I then took a half a mile walk (yes I logged it today) to my next appointment at the main U of U Hospital. Met with an OB from my new group of Drs and got an update on how things are going pregnancy wise.

Bridget is measuring at 31 weeks gestation which is perfect because I am 31 weeks along! Pregnancy is going well. It is looking like Bridget and I will make it to 39 weeks and that is when we plan on delivering. So, we won't have a leap day baby like we thought. But, if she can make it to 39 weeks, she will be born around the 22nd of February. Cross your fingers!

The Dr and I had a talk about depression. I let her know that I suffered pretty severely from "baby blues" after my other pregnancies and I can already feel the depression setting in right now with all that is going on. We talked about the real effects that depression can have and how things might be heightened with our current situation. She warned me that I might find that I feel guilty a lot after Bridget is here. (If I am with my two toddlers at home I might feel I am abandoning my baby in the NICU, or if I am visiting my baby in the NICU I might feel I am abandoning my two kids at home). I let her know the guilt I was already feeling because it is MY autoimmune disease that caused her this harm in the first place. We talked a lot of about real feelings and it was really nice of her to go into details and examples with me. Makes me feel more normal and it helps me be aware of some feelings that could come up in the future. Depression is a VERY real thing and I am so glad to have a Dr that understands and can help. She started me on some antidepressants and I am so glad they are safe for baby and safe for me to start right now! It takes a few weeks for them to really take effect so I am glad I can start even before Bridget gets here, it makes me feel more calm.

Once I finished up there I was sent downstairs to have some blood drawn. My bloodwork from two weeks ago had high thyroid levels. Which could mean I have hyperthyroidism. This is easily medicated and could even be only a temporary thing but if we are having "real talk" I will tell you the news hit me a little hard. I am tired of new diagnosis coming my way. I am tired of adding on medications.  But, we will just have to wait for the test results and go from there. Take it one thing at a time, right?

After I had my blood drawn I made my half mile walk back down to my car and headed out. Bridget is stable and is doing well. I am to keep up with my fetal movement monitoring every day, up my calorie intake and rest when I feel my body needs it. Just need to keep her in there another 8 weeks!

The next echo isn't for 4 more weeks! I do have other appointments between now and then to keep an eye on things, but it is really good that they feel comfortable enough to wait for the next echo. Good job Bridget! Keep fighting girl!

Tuesday, December 15, 2015

Baby Bridget's Beats - 29 Weeks - 2nd Echo

Braved the crazy roads this morning to make it to Primary Childrens in time for my appointment. We have been getting a lot of snow in the last 48 hours especially in Salt Lake City and I was really worried about getting there. I left the house at 5:45 in the morning! The roads weren't too bad and I arrived around 7:15 for my 7:45 appointment. Lucky for me I took my book with me and read in the quiet waiting room just glad to be safe and off those icy roads.

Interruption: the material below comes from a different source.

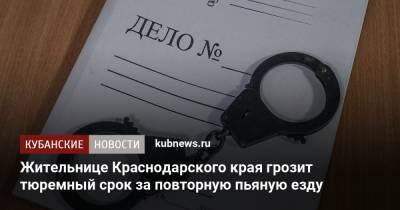 Жительнице Краснодарского края грозит тюремный срок за повторную пьяную езду - kubnews.ru - Краснодарский край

Today baby Bridget had another Echo Cardiogram done of her heart. These things take a REALLY long time and I have to lay on my back the whole time for them which is not always easy. Bridget was in a really good position for her heart to be viewed but it was a really bad position for my bloodflow so we ended up having to take a few breaks in the middle so I could try to get comfortable. The echo went well and I was able to let a student practice her ultrasound skills while we waited for the Dr to review the data.

Bridget is growing well. I am 29 weeks along and she is measuring right on track. Her heart rate is at 64 BPM and is staying very stable. It doesn't look like any further damage has been done to the heart muscle itself so that is a good sign. The Drs have high hopes that the damage that we have already seen will be the only damage done, but there is always a chance at those antibodies could continue their attack, we just have to keep monitoring.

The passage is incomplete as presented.